═════ Exercise data
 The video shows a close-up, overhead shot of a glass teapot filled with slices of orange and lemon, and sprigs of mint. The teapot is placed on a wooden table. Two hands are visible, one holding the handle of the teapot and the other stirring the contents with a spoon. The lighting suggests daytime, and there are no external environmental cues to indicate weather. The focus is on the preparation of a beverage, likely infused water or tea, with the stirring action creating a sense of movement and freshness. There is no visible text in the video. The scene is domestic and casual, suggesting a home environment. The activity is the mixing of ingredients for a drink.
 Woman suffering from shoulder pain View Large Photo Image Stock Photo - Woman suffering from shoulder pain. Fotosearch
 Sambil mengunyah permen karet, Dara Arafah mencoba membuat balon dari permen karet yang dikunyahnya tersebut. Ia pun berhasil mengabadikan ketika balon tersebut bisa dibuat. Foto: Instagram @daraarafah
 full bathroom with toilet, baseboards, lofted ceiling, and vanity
══════════
═════ Exercise data
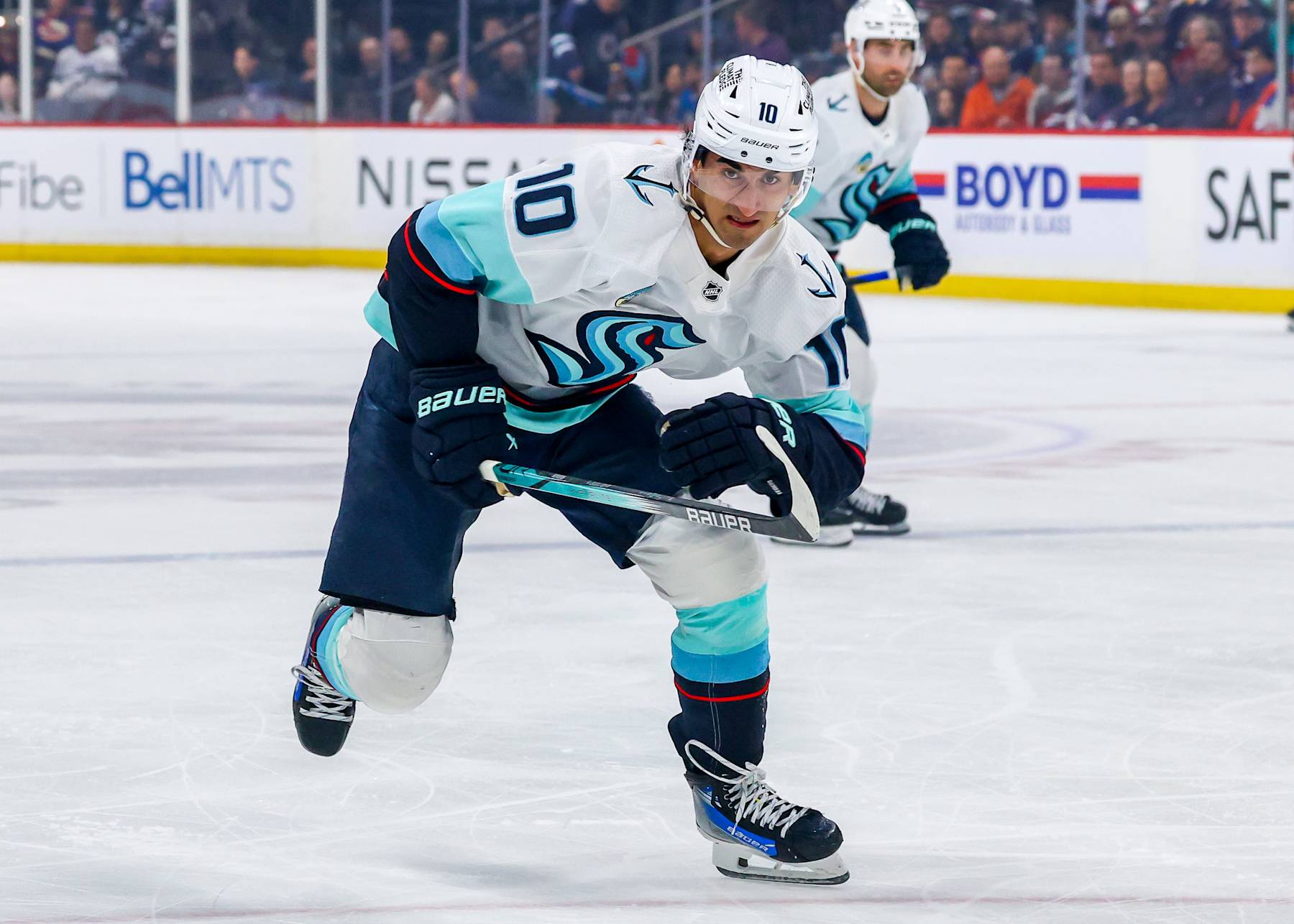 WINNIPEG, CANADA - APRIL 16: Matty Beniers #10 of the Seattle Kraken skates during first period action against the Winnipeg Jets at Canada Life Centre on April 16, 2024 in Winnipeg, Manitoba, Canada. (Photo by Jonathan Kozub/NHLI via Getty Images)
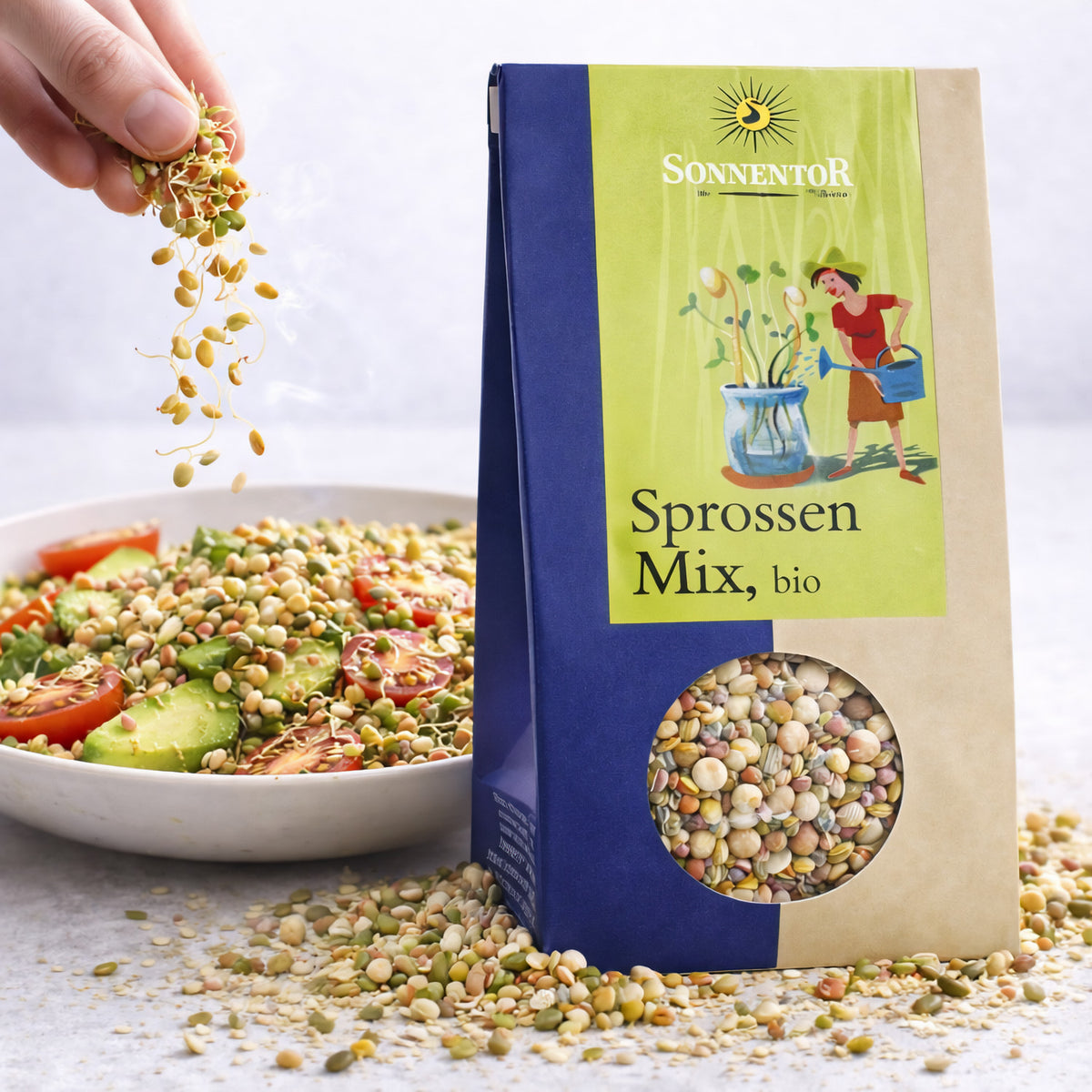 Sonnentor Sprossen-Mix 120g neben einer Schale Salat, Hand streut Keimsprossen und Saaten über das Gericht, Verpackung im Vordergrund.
══════════
Produce only the lines from the line containing "Sambil mengunyah permen" through the line containing "full bathroom with", inclusive of both, exactly as they stand in the entries above.

 Sambil mengunyah permen karet, Dara Arafah mencoba membuat balon dari permen karet yang dikunyahnya tersebut. Ia pun berhasil mengabadikan ketika balon tersebut bisa dibuat. Foto: Instagram @daraarafah
 full bathroom with toilet, baseboards, lofted ceiling, and vanity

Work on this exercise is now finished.